Bible Smuggler Back in Hong Kong

HONG KONG (AP) - A Hong Kong businessman convicted of smuggling Bibles into China returned to Hong Kong on Saturday after he was released from a Chinese prison.

A Hong Kong Security Bureau statement said Hong Kong officials have been in touch with Lai Kwong-keung's family after his return. It gave no other details.

Phone calls to Lai's wife in China and his Hong Kong church members went unanswered.

Beijing's official Xinhua News Agency said earlier that Lai would be released from prison but placed under surveillance to receive treatment for hepatitis B.

It said a court in the southeastern Chinese city of Fuqing ruled Saturday that Lai can serve at least part of his two-year sentence outside of prison because of his health, Xinhua said. The agency gave no indications that Lai would be returning to Hong Kong.

Lai was sentenced last month for bringing thousands of Bibles to a banned Chinese Christian group in May.

President Bush, who is to visit China later this month, expressed concern about Lai's case and asked the State Department to look into it.

Lai, 38, was convicted of illegally selling foreign publications inside China. But his arrest came during a crackdown on religious groups operating outside of Beijing's control.

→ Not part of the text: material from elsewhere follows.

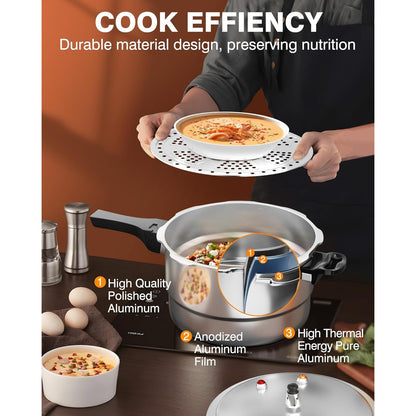 10QT Aluminum Pressure Cooker Canner w/ Rack Gas Induction Compatible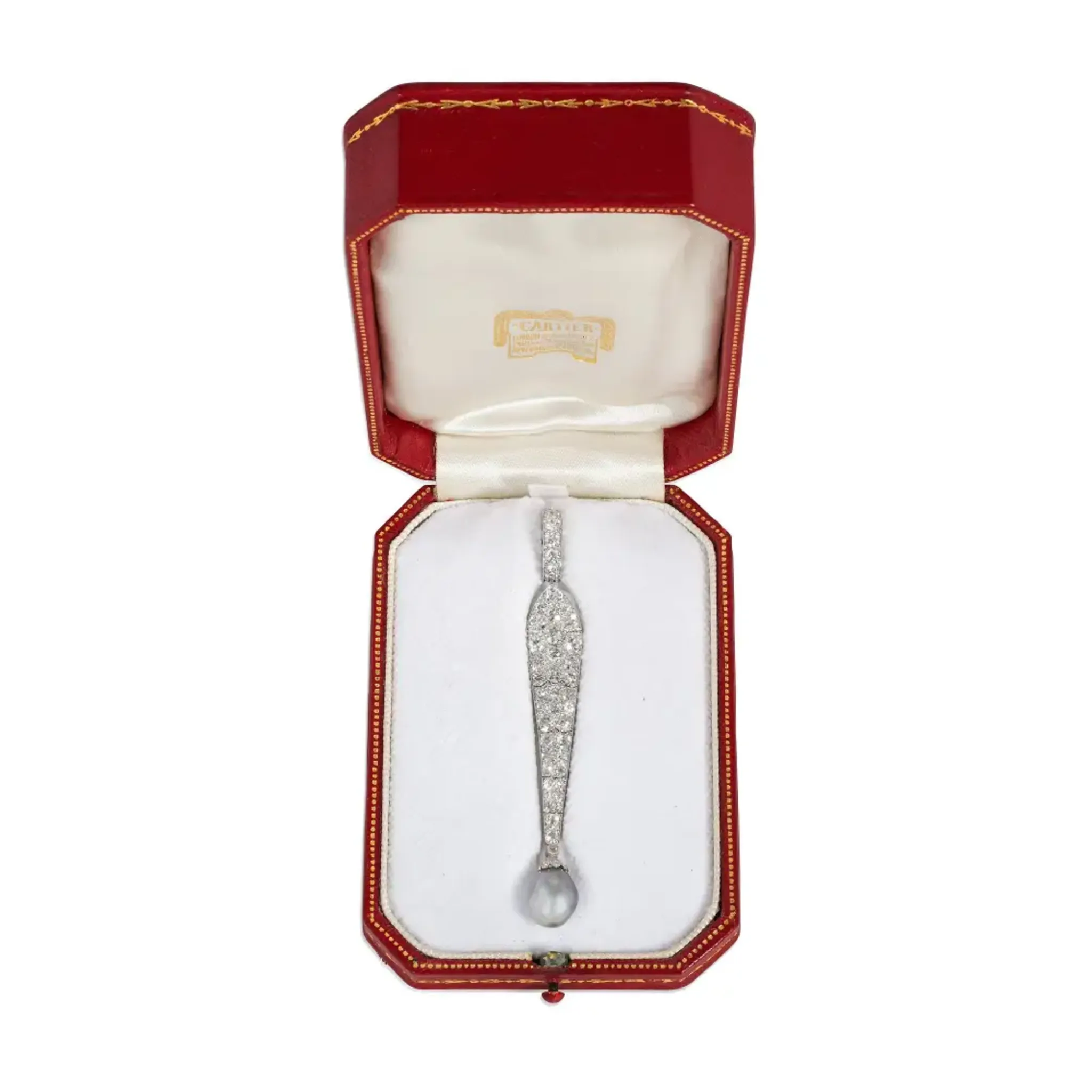 Cartier France Art Deco Platinum Diamond & Natural Pearl Pendant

China allows only state-monitored worship and is trying to crush independent groups that it says are a threat to Communist Party rule and public order. Members of the banned Falun Gong meditation group have been jailed for up to 13 years.

Lai, also known as Li Guangqiang, was detained last May after bringing 33,080 Bibles into China for a group known as the Shouters, which has a half million members in southeast China.

Lai was carrying a version of the Bible edited by a founder of the Shouters. That version is not authorized in China, where the Christian group was banned in 1995 as a cult.